Following positive topline results for AR-15512, a candidate treatment for the signs and symptoms of dry eye disease (DED), Alcon has announced it will submit a new drug application to the United States Food and Drug Administration in mid-2024.1

Two pivotal Phase 3 clinical trials (COMET-2 and COMET-3) enrolled more than 930 dry eye subjects (randomised 1:1 to AR-15512 or vehicle control) and evaluated the efficacy and safety of AR-15512.

The primary endpoint of the proportion of subjects with at least a 10 mm increase in unanaesthetised Schirmer’s score (a measure of tear production) achieved statistical significance at day 14 [p<0.0001]; data consistent with the proposed mechanism of action of AR-15512.

Additional data derived from secondary endpoints demonstrated the rapid onset and sustained tear production associated with AR-15512 compared to vehicle, as early as day one and persistent to day 90. Overall, it was well tolerated, and no serious ocular adverse events were reported.

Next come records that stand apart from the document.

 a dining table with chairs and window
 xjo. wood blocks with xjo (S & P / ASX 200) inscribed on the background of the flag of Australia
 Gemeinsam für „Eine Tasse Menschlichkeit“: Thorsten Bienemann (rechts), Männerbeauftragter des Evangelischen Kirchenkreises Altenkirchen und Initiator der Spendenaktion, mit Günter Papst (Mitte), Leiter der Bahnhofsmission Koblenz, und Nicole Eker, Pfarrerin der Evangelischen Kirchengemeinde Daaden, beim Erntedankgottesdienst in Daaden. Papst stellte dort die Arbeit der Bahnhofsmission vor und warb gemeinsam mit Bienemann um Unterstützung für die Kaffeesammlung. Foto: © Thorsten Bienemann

“A key gap in dry eye medications is rapid speed of onset,” said Dr Edward Holland, Professor of Ophthalmology at the University of Cincinnati, a key advisor on COMET-2 and –3, and Senior Scientific Advisor at Alcon.

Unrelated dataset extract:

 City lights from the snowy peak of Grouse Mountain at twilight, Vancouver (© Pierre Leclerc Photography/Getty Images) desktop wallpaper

“AR-15512 demonstrated this important achievement in both pivotal efficacy and safety studies, and it represents a first-in-class candidate for chronic dry eye.”

Reference
Alcon, Alcon announces positive topline results from phase 3 COMET trials of AR-15512, a novel topical drug candidate for dry eye (news release, 9 Jan 2024, available at: alcon.com/media-release/alcon-announces-positive-topline-resultsphase-3-comet-trials-ar-15512-novel-topical [accessed 11 Jan 2024].